The breathtaking naivete of the Orthodox Line should have been evident even in the 1940s. As Hayek later chided Schumpeter on the assumption of “imputation” outside the market, this formulation “presumably means . . . that the valuation of the factors of production is implied in, or follows necessarily from the valuation of consumers’ goods. But . . . implication is a logical relationship which can be meaningfully asserted only of propositions simultaneously present to one and the same mind.”
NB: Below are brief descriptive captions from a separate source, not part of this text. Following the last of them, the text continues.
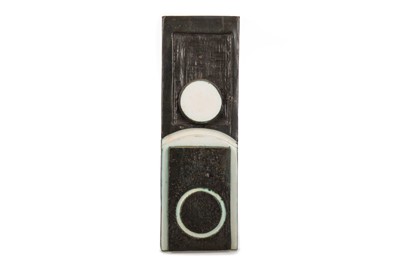 Lot 525 - TROIKA POTTERY ST. IVES, GEOMETRIC WALL PLAQUE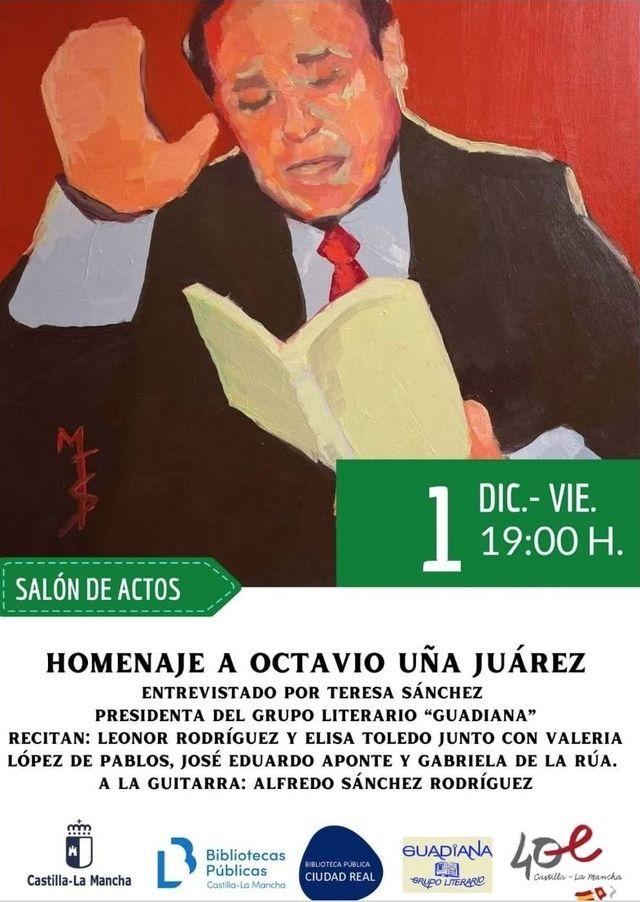 Homenaje a Octavio Uña Juárez. Biblioteca Pública del Estado de Ciudad Real. 1 de diciembre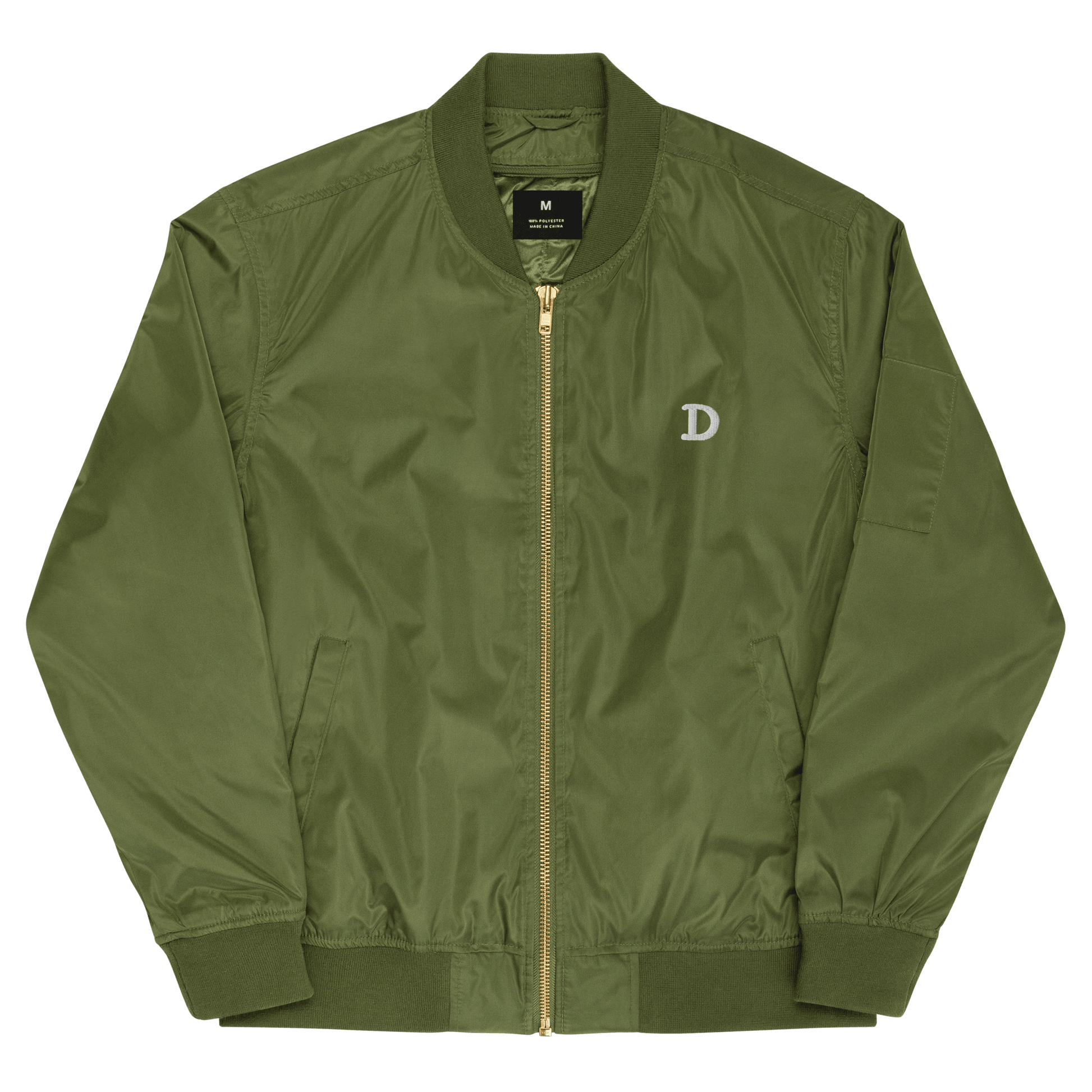 Detroit 'Old French D' Recycled Bomber Jacket - Circumspice Michigan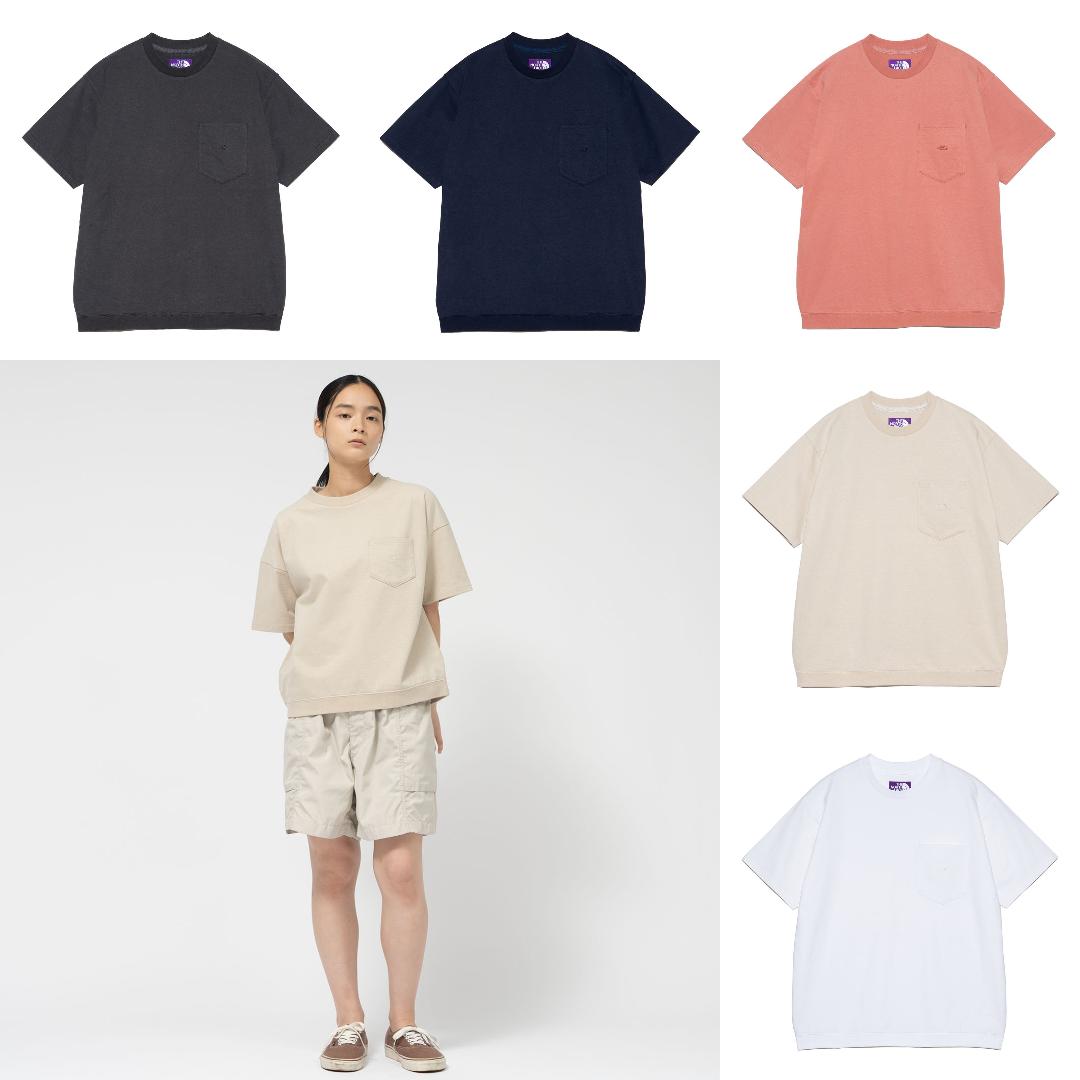 預購┃TNF 紫標 High Bulky Pocket Tee 刺繡 小LOGO 口袋 短袖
Economists were convinced of the Lange solution because they had already come under the sway of the Walrasian general equilibrium model; Schumpeter, for example, was an ardent Walrasian. In this model, the economy is always in static general equilibrium, a changeless world in which all “data” — tastes or value scales, alternative technologies, and lists of resources — are known to everyone, and where costs are known and always equal to price. The Walrasian world is also one of “perfect” competition, where prices are given to all managers. Indeed, both Taylor and Lange make the point that the Socialist Planning Board will be better able to calculate than capitalist markets, since the socialist planners can ensure “perfect competition,” whereas the real world of capitalism is shot through with various sorts of “monopolies”! The socialist planners can act like the absurdly fictional Walrasian “auctioneer,” bringing about equilibrium rapidly by trial and error.
—Murray N. Rothbard, “The End of Socialism and the Calculation Debate Revisited,” Review of Austrian Economics 5, no. 2 (1991): 55-56.